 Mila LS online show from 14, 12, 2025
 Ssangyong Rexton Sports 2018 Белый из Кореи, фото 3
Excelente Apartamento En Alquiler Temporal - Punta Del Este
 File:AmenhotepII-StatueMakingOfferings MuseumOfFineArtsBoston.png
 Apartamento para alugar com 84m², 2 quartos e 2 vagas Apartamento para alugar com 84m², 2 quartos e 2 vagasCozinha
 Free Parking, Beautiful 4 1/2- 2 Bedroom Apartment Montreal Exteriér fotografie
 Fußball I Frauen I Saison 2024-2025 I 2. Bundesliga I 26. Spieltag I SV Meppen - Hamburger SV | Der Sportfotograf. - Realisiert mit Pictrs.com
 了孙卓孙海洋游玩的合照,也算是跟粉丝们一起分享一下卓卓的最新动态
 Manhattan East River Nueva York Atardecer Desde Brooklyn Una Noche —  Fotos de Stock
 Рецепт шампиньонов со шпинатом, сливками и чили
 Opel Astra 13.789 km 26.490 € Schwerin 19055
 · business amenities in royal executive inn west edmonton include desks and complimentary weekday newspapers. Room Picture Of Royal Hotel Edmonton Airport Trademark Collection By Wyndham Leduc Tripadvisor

==================================================

What the task requires » Only a number is expected: the count of lines in the entries that include the string "Apartamento".

Reply to the task » 2